Patches are also layered on top of the original solution, which is important in terms of predictability of code deployments. This is especially handy if you are creating an app or ISV code, or are keeping a close eye on what is deployed in your production orgs. Patches should be faster to deploy as you are only deploying part of a solution, and individual developers can deploy patches instead of waiting for other devs to complete functionality.

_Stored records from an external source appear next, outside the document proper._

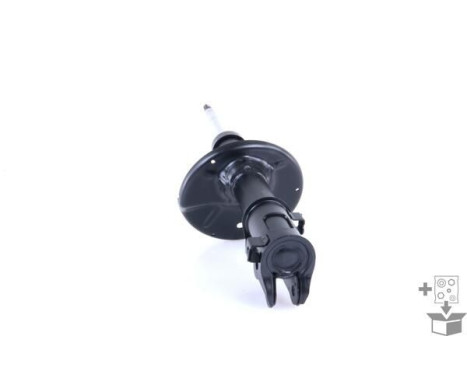 Shock Absorber MONROE ORIGINAL (Gas Technology) 16361, Image 6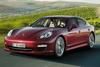 Porsche Reveals V6 Panamera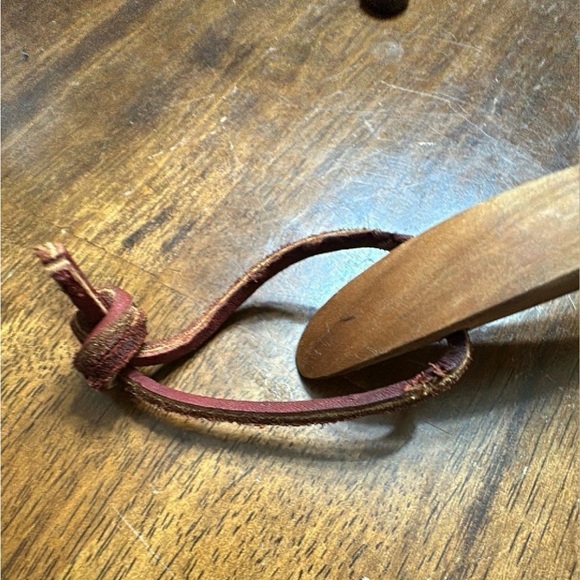 Wooden Kitchen Utensil Set - Picture 5 of 5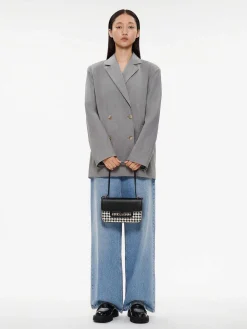 Wanda Leather Loafers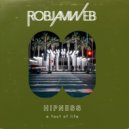 RobJamWeb - Hipness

Let’s take a look at how patching works.

In this post, we will:

  1. Export a managed solution 1.0.0.1 from Source
  2. Import the managed solution 1.0.0.1 into the Target
  3. Update source and export managed solution 1.0.0.2
  4. Import managed solution 1.0.0.2 into the Target
  5. Create managed solution patch 1.0.1.2
  6. Update the source org and export 1.0.1.2
  7. Deploy patch 1.0.1.2 into to target
  8. Create patch 1.0.2.2
  9. Import 1.0.2.2 into target
  10. Patch 1.0.3.2
  11. Roll back a patch
  12. Clone solution

Solution Versions

Before we start, Dynamics 365 / Power Apps / Power Platform solution versions are in the format <major>.<minor>.<build>.<revision>. You can read more about the format in my blog post on how solution version numbers work, but for now, we just need to know the main structure.

Solution Layering

To understand patching and upgrades, we need to understand Solution Layering in the Power Platform.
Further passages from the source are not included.